Trudno dziś rozprawiać na temat słuszności wybuchu Powstania Warszawskiego. Czy współcześnie jest ku temu w ogóle sens, gdy polegli dawno już odebrali swoje nagrody (u góry) za oddanie, patriotyzm, odwagę i chęć działania przeciwko zniewoleniu i zbrodni. Być może milczenie i niema dyskusja na temat zasadności walki, jaka wybuchła 1 sierpnia 1944 roku, będzie najlepszą formą szacunku dla postawy poległych, którzy bez względu na konsekwencje ? jaką niejednokrotnie była przecież śmierć ? nie zawahali się stanąć do nierównej walki. Oddanie swego życia za przyjaciół, za ojczyznę, a nade wszystko za wolność i pokój, stanowią przecież najwyższą formę miłości. Nie ma nic ponadto, kiedy człowiek życie swoje oddaje za bliźnich.

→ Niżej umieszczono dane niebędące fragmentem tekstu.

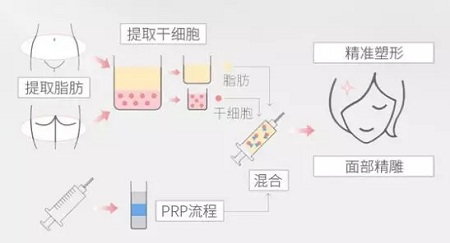 美莱实验室：瘦脸、ReFa都解决不了你的脸大问题交给我就对了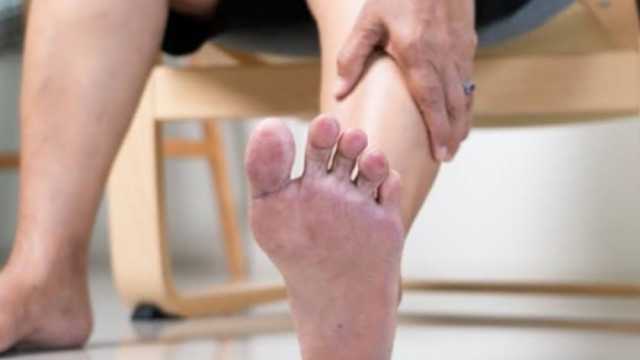 لمرضى السكري.. 10 نصائح من صحة «الشرقية» للحفاظ على سلامة القدمين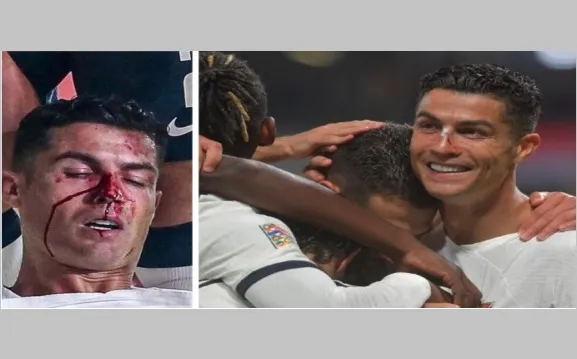 রোনালদোর ‘নাক ফাটার’ রাতে পর্তুগালের জয়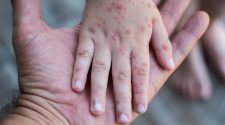 brote de virus Coxsackie
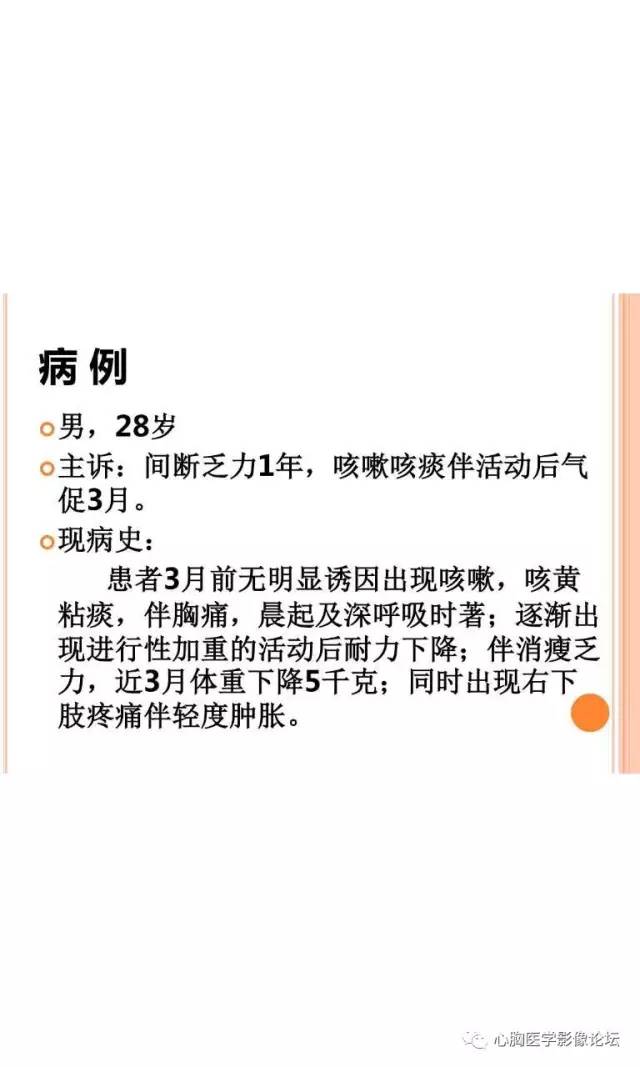 【病例】肺淋巴瘤样肉芽肿LYG一例CT影像诊断与鉴别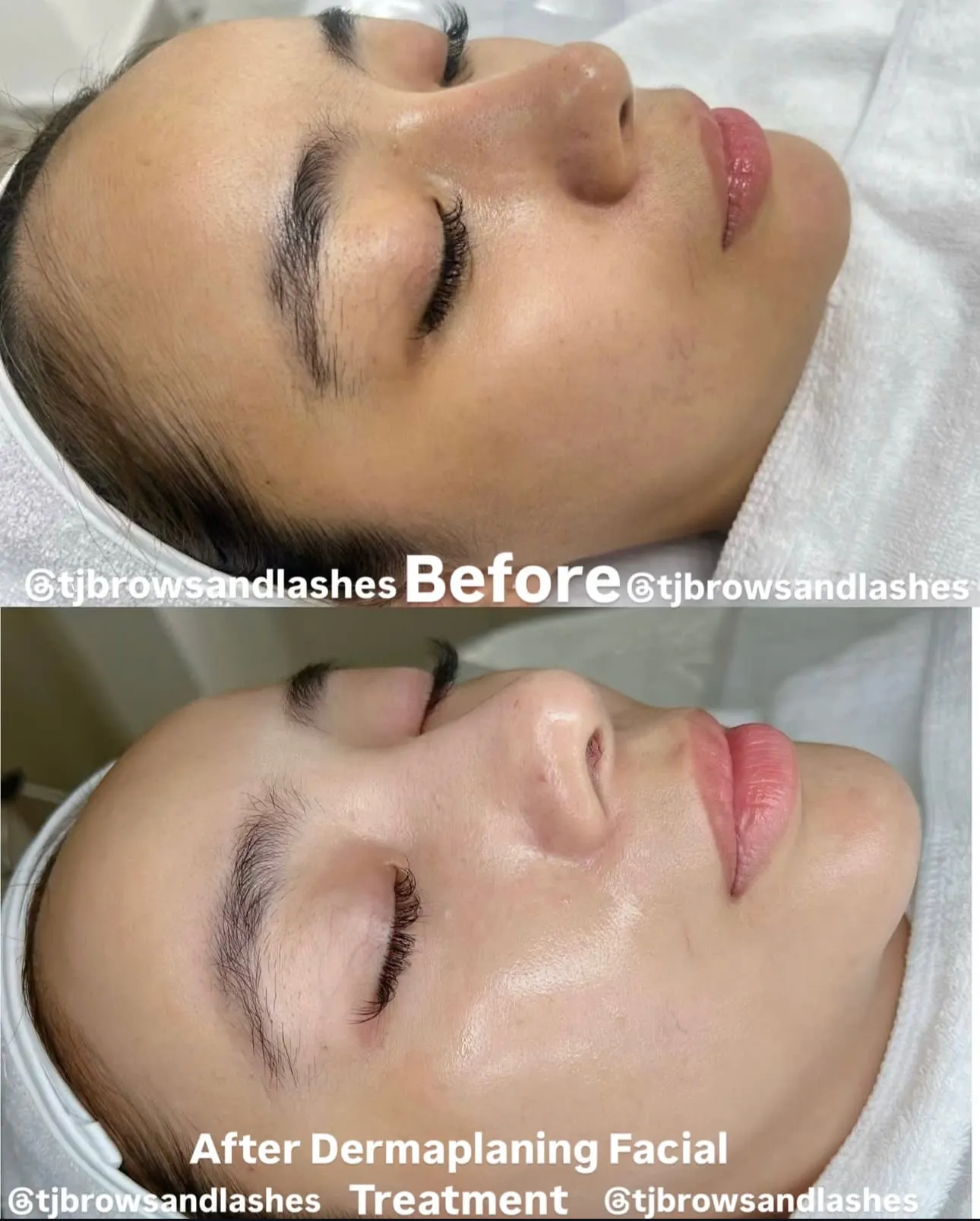Skin improvement after facial treatment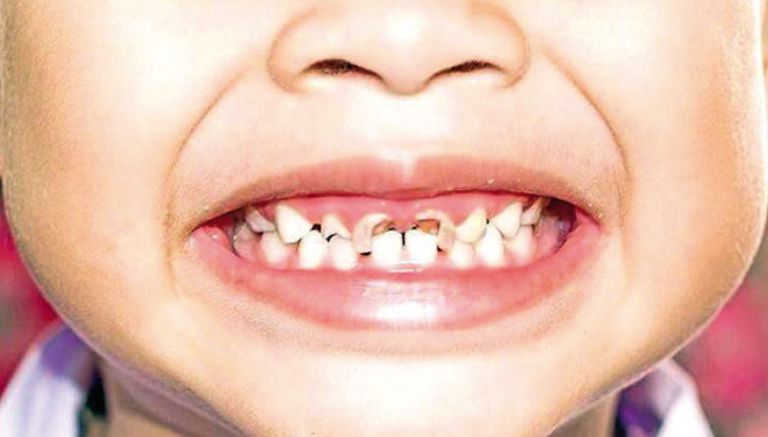 اختتام الأسبوع الإعلامي بسكيكدة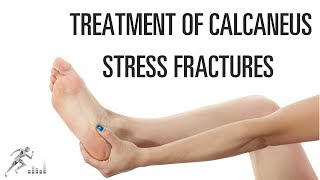 How do you treat a calcaneus stress fracture?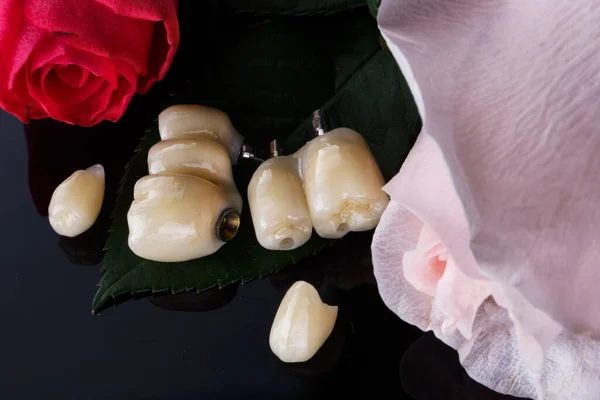 Beautiful Composition Ceramic Dental Crowns Green Leaf Next Flowers — Stock Photo, Image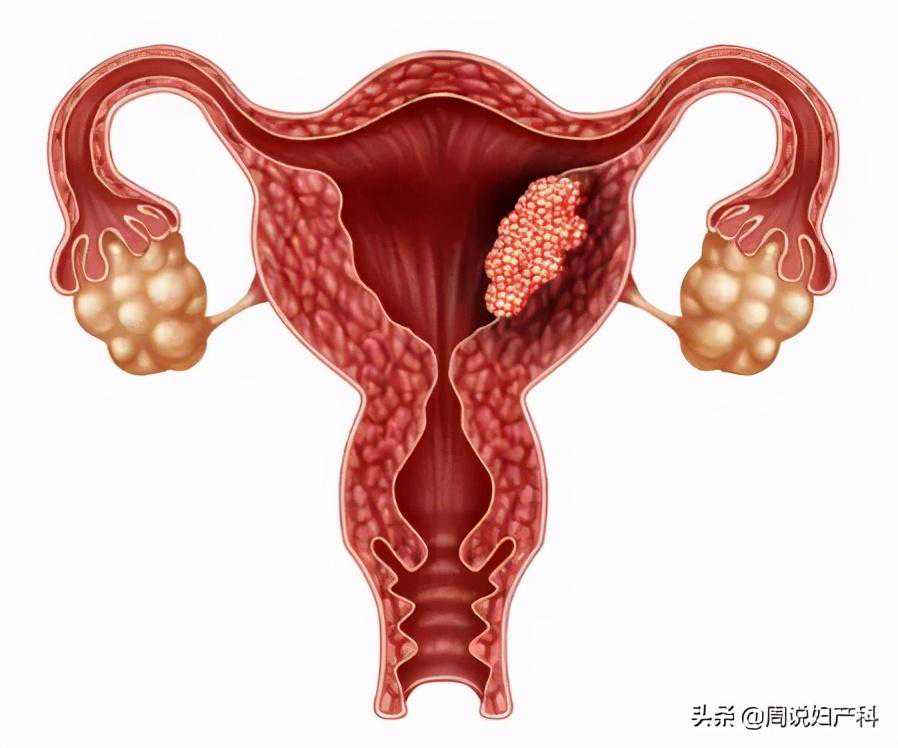 香港验血六周多有y还会变吗,43岁女性月经期子宫内膜厚度正常范围是多少mm？
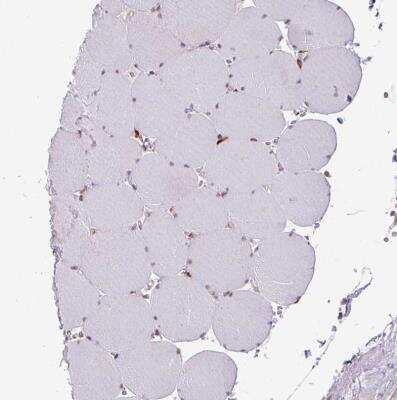 Immunohistochemistry-Paraffin: SLC39A7/ZIP7 Antibody [NBP2-13338]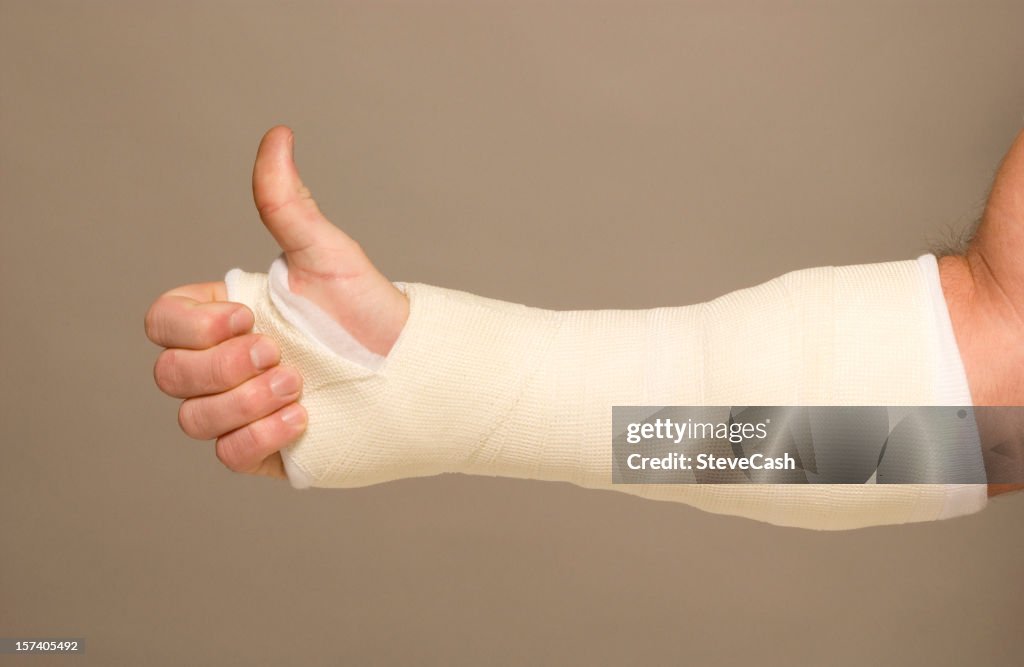 Mans arm in cast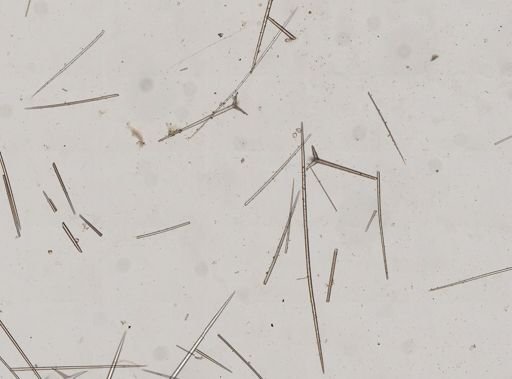 Ecionemia walkeri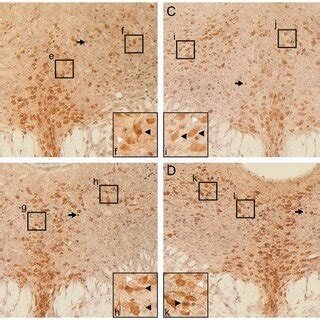 Morphological And Histological Analysis Of Chrd Newborn Mice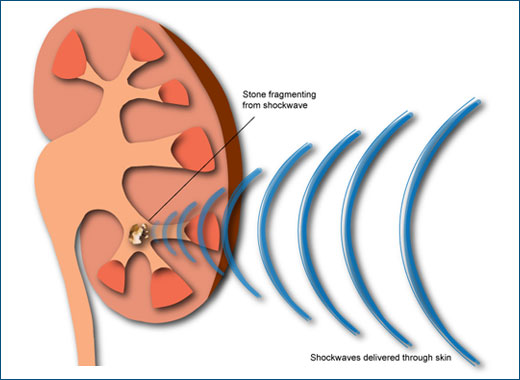 ondas de choque: ESWL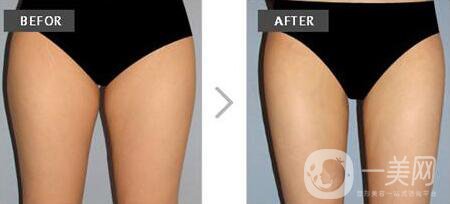 光纖溶脂,光纖溶脂多少錢,北京光纖溶脂多少錢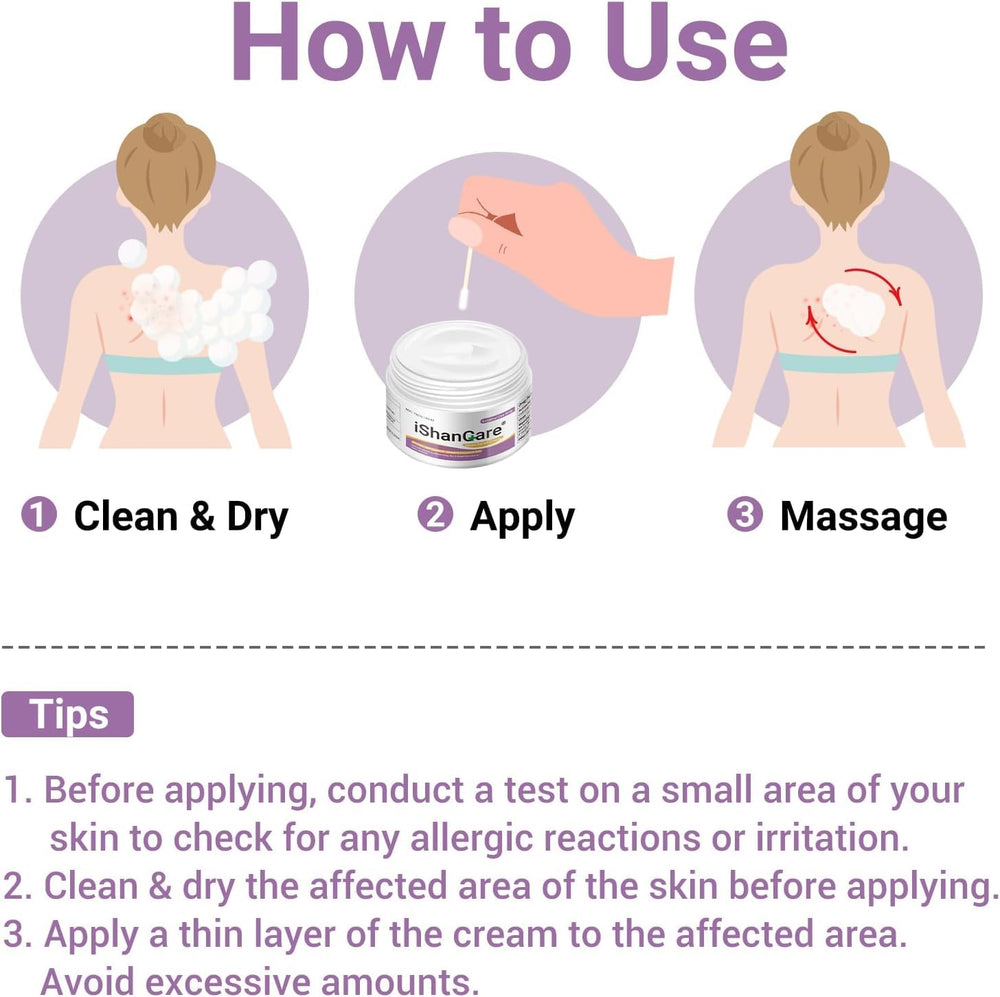 iShanCare Urticaria Cream closeup skin benefits in context.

W dzień 70 rocznicy wybuchu Powstania Warszawskiego odłóżmy zatem spory i kłótnie, a pochylając się na grobami poległych, w ciszy szepcząc tylko ich nazwiska, stańmy pełni pochwały dla ich poświęcenia. Wszyscy, którzy byli przed nami, utorowali nam drogę do świata pokoju i wolności, w jakim dziś mamy szansę żyć i rozwijać się.
Był taki czas, kiedy strach i bunt wezwały uczestników Powstania Warszawskiego do działań, do walki zbrojnej i do przedwczesnej śmierci. Walczyli pełni nadziei na oswobodzenie i normalne życie. Był taki czas, kiedy polegli… Był taki czas.. A dziś jest czas, aby oddać im za to hołd obchodząc uroczystości. Pomilczeć widząc w wyobraźni toczące się walki, słysząc przerażające odgłosy wybuchów i strzałów. Trudno jest pojąć ile trzeba było mieć odwagi, aby spojrzeć tamtej rzeczywistości prosto w oczy.
Dziś pozostaje tylko wierzyć, że tamte doświadczenia nie staną się więcej udziałem żadnego z żyjących.